L’antropologa Carla Ricci, che si è trasferita in Giappone per studiare il fenomeno per conto dell’Università di Tokyo e che ha pubblicato Hikikomori: adolescenti in volontaria reclusione, afferma: «Gli Hikikomori hanno perso la passione per la vita. La vita che fanno è assolutamente alienante». Un fatto, questo, che va a negare la predisposizione che generalmente anima i giovani, ossia la curiosità e l’entusiasmo verso il mondo che li circonda.

Giappone, la patria dei giovani “Hikikomori”

In Giappone, dove questo fenomeno è nato ed è maggiormente diffuso, i giovani “Hikikomori” censiti sono circa un milione e mezzo: tuttavia il timore è che il numero sia più elevato, ma che la vergogna delle famiglie d’origine tenda a non rendere noto il problema.

Per porre un argine al dilagare di questa “solitudine volontaria”, nel Paese sono sorti diversi centri di “riabilitazione alla vita sociale”: luoghi dove i ragazzi che decidono – dopo anni, talvolta decenni – di uscire dalla propria stanza possono gradualmente tornare a vivere in maniera normale, relazionandosi con altre persone e svolgendo qualche piccola mansione (a partire dal riordinare delle carte, per arrivare a cucinare e a fare attività complesse).

I giovani “Hikikomori” in Italia

I giovani “Hikikomori” non sono tuttavia solo giapponesi. Anche in Italia il fenomeno sta prendendo – purtroppo – piede.
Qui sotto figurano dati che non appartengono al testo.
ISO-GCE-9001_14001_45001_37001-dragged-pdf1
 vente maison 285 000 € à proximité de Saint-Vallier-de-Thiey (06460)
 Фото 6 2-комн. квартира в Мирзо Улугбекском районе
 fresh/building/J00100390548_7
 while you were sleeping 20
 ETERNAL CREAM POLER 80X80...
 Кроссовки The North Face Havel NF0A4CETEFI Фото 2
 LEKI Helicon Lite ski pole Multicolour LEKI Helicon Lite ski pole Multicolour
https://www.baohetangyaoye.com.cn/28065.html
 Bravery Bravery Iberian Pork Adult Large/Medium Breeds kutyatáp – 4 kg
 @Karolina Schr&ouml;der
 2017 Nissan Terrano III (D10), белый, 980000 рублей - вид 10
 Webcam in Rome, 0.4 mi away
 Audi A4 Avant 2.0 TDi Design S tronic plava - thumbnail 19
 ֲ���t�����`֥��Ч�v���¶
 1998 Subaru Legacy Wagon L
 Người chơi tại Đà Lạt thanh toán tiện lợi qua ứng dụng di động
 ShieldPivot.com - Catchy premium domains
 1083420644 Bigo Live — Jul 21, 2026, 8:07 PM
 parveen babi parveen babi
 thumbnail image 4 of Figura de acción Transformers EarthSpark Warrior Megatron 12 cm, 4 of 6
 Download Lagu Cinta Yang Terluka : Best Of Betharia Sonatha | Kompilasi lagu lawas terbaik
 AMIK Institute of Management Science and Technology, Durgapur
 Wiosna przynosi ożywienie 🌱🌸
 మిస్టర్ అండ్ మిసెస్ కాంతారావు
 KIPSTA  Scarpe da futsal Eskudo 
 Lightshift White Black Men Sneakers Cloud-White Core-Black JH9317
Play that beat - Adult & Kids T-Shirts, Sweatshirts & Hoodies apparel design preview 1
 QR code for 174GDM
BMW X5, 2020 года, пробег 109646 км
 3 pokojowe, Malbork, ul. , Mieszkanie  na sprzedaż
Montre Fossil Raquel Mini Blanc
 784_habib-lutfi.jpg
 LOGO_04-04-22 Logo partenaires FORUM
Nel maggio del 2016 Le Iene avevano dedicato un servizio a questo fenomeno (visibile qui) e recentemente è stato anche aperto un sito online di riferimento, che aiuta a comprendere il fenomeno e pone le basi per una condivisione sia da parte dei giovani, sia delle loro famiglie.

Come i colleghi giapponesi, i giovani italiani che decidono di isolarsi dal mondo presentano quali caratteristiche dominanti la timidezza e l’introversione; tuttavia, rispetto agli asiatici si evidenziano anche importanti differenze: se la media dei giovani “Hikikomori” giapponesi ha circa 25 anni, in Italia l’età si aggira attorno ai 16 anni; inoltre, i giovani nostrani si dimostrano più introspettivi, ossia in grado di elaborare motivazioni più complesse per dare una spiegazione alla loro scelta di tagliare i ponti con l’esterno: mancanza di interesse, delusione verso le persone, incapacità di sostenere relazioni paritarie...

Come presagire l’insorgenza di questo fenomeno? Non è cosa facile, dal momento che i giovani iniziano a rifiutarsi di uscire adducendo come motivazione la mancanza di voglia. In seguito, tuttavia, questa “scelta” (almeno apparente) si trasforma in una vera e propria incapacità di porre i piedi fuori dal confine della propria stanza: la solitudine genera solitudine e il soggetto rimane, suo malgrado, “imprigionato”.

Come aiutare i giovani ad “aiutarsi”?

Una cosa comunque rimane certa: siamo persone di relazione, i giovani forse in misura ancora maggiore rispetto agli adulti, e il fatto di vivere da soli non è umanamente possibile (ad esclusione degli eremiti, che tuttavia vivono una relazione con Qualcuno di più grande, quindi in linea di principio non sono isolati).

La nostra società dovrebbe quindi interrogarsi da un lato sulle motivazioni che spingono persone ancora nel pieno della scoperta della vita a fare questa scelta intrinsecamente mortifera; dall’altro sul fattore educativo: fino a che punto è corretto cedere di fronte alla testardaggine di giovani che sostengono di «non avere voglia» di uscire e di implicarsi attivamente nel mondo, con le fatiche ma anche le soddisfazioni che questo comporta?

La sfida è in corso e si prospetta impegnativa: tanti giovani hanno bisogno di essere salvati da loro stessi.